- **Information given**
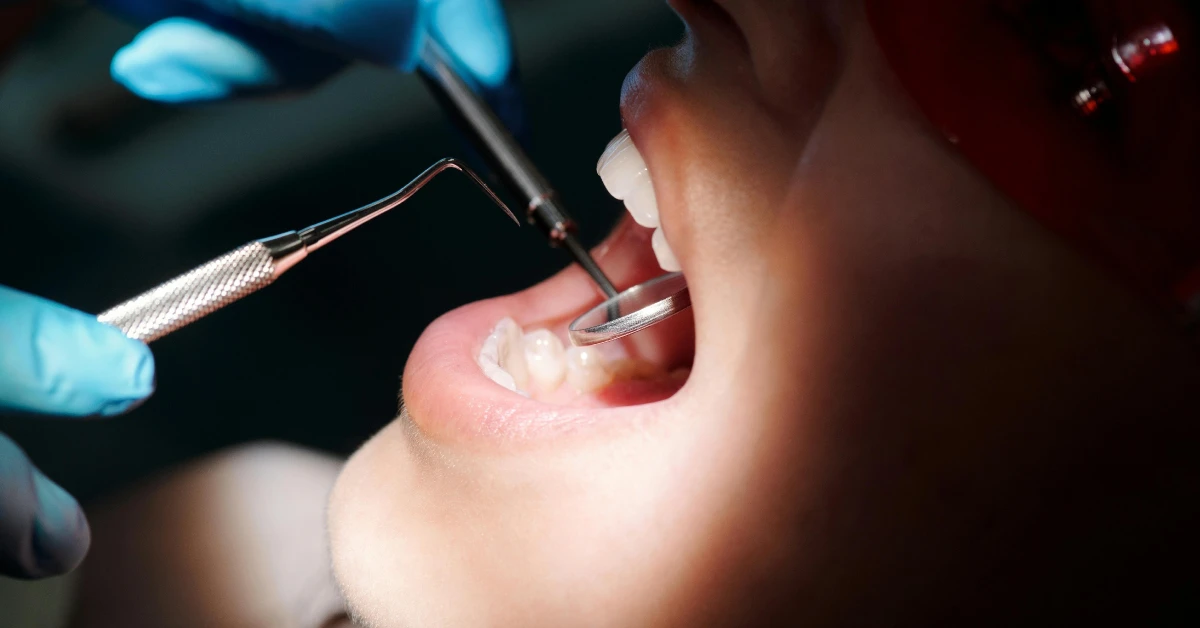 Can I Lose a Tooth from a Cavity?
...
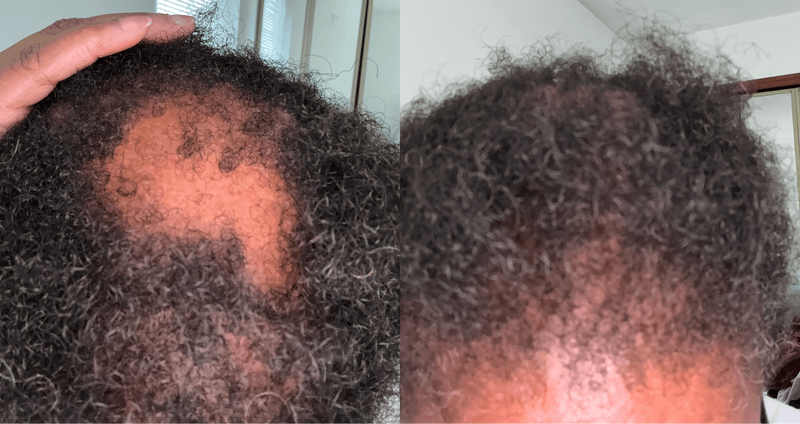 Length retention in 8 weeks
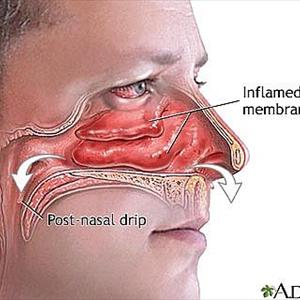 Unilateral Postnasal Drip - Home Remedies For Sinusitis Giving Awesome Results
==
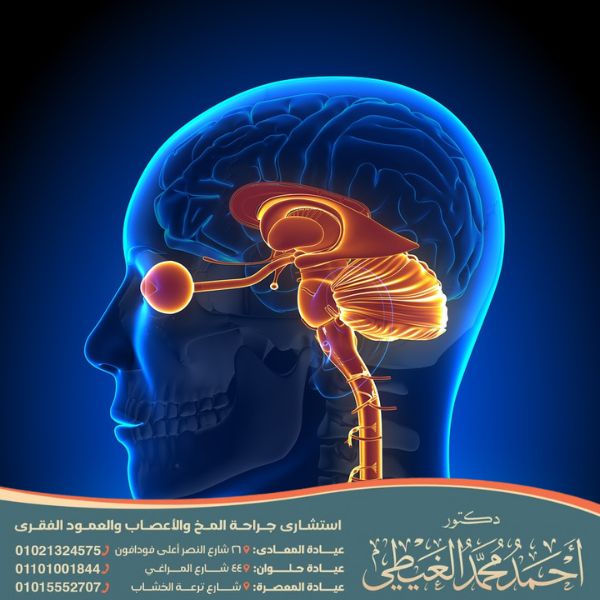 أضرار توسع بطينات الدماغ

- **Description of the task**
Set down again, word for word, every line from the one with "Length retention in 8 weeks" to the one with "Unilateral Postnasal Drip" in the entries above, and omit the pictures.

- **Output below**
 Length retention in 8 weeks
 Unilateral Postnasal Drip - Home Remedies For Sinusitis Giving Awesome Results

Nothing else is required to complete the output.